■ Aim of the exercise
What you return must be the exact lines of the material below, from the first through the one that has "Volhovas Mežos - Latvian Legion song", with no pictures and, please, nothing else.

──────────

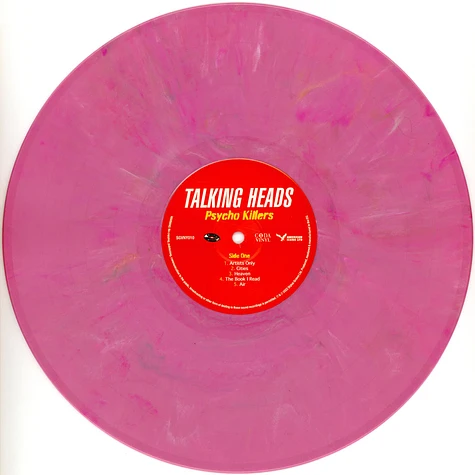 Talking Heads - Psycho Killers Multi-Colour Marble Vinyl Edition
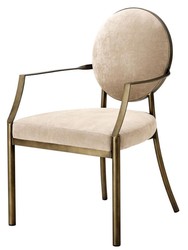 casa padrino luxus designer esszimmer stuhl möbel hotel restaurant esszimmerstuhl mit armlehnen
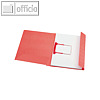 Jalema Clipmappe Secolor/ DIN A4 rot 270 g/qm, 3103115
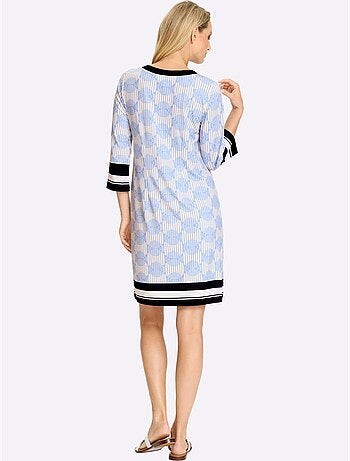 Robe En Jersey - Taille Standard - Helline
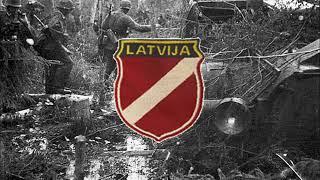 Volhovas Mežos - Latvian Legion song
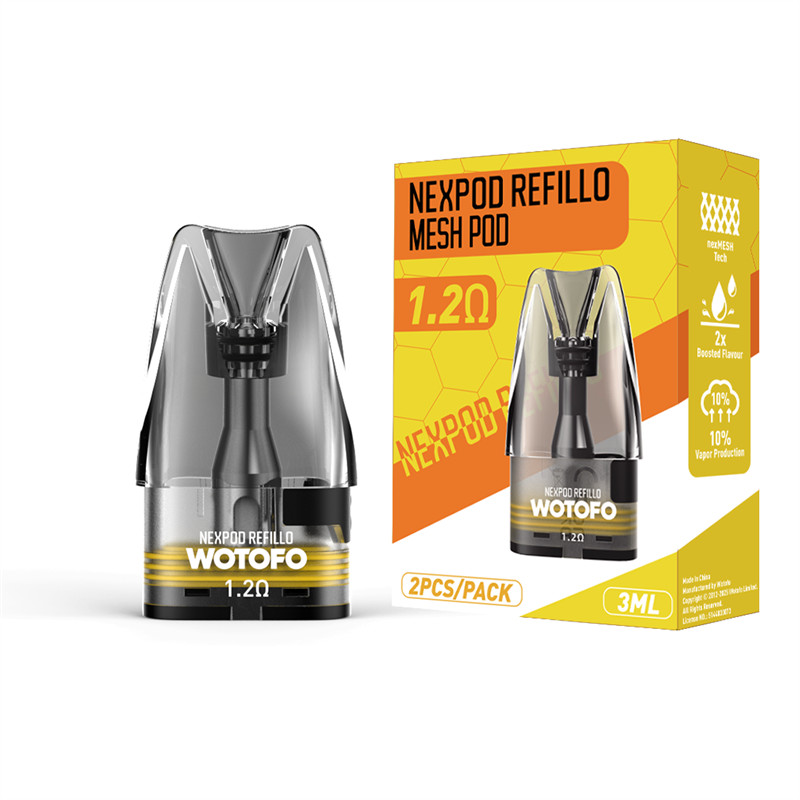 [Global-CN02][Pre-order] Wotofo nexPOD Refillo Pod Cartridge 3ml (2pcs/pack)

──────────

■ Answer box
 Talking Heads - Psycho Killers Multi-Colour Marble Vinyl Edition
 casa padrino luxus designer esszimmer stuhl möbel hotel restaurant esszimmerstuhl mit armlehnen
 Jalema Clipmappe Secolor/ DIN A4 rot 270 g/qm, 3103115
 Robe En Jersey - Taille Standard - Helline
 Volhovas Mežos - Latvian Legion song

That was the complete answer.